Raw data
○ ○ ○

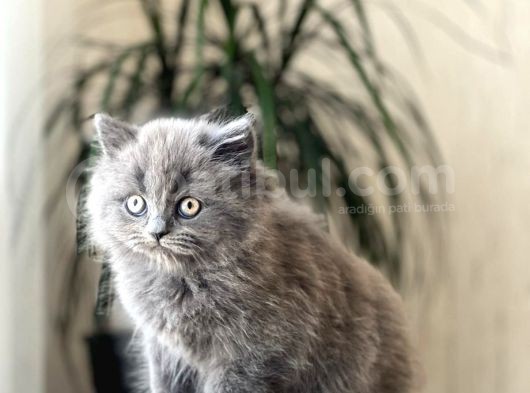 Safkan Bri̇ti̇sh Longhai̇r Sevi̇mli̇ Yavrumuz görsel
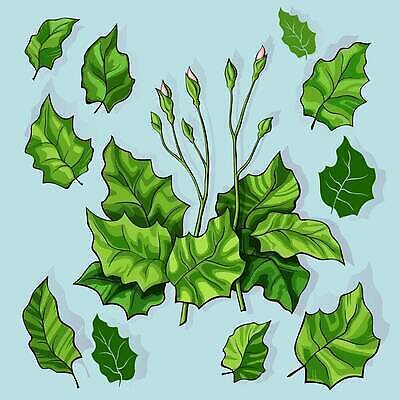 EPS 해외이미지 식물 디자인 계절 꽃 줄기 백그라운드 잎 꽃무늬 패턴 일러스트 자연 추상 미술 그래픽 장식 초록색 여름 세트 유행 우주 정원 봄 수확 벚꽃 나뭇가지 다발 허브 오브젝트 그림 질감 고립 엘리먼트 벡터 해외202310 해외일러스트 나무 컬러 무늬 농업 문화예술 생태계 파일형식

○ ○ ○

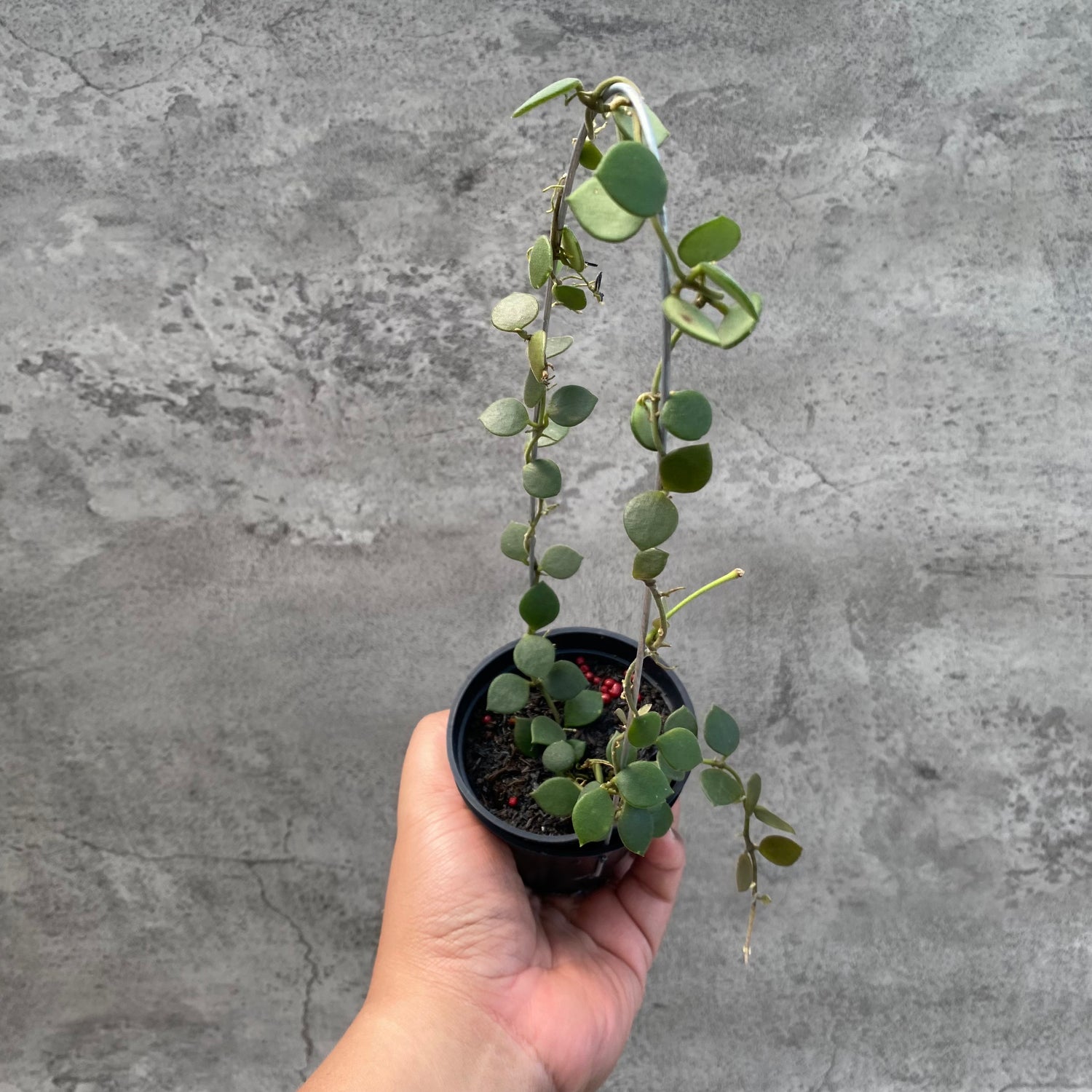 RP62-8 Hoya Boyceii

○ ○ ○

What is needed
Both the line above containing "Safkan Bri̇ti̇sh Longhai̇r" and the line containing "EPS 해외이미지 식물" belong in the copy, along with every line between them; print these exactly and omit the pictures.

Finished task
 Safkan Bri̇ti̇sh Longhai̇r Sevi̇mli̇ Yavrumuz görsel
 EPS 해외이미지 식물 디자인 계절 꽃 줄기 백그라운드 잎 꽃무늬 패턴 일러스트 자연 추상 미술 그래픽 장식 초록색 여름 세트 유행 우주 정원 봄 수확 벚꽃 나뭇가지 다발 허브 오브젝트 그림 질감 고립 엘리먼트 벡터 해외202310 해외일러스트 나무 컬러 무늬 농업 문화예술 생태계 파일형식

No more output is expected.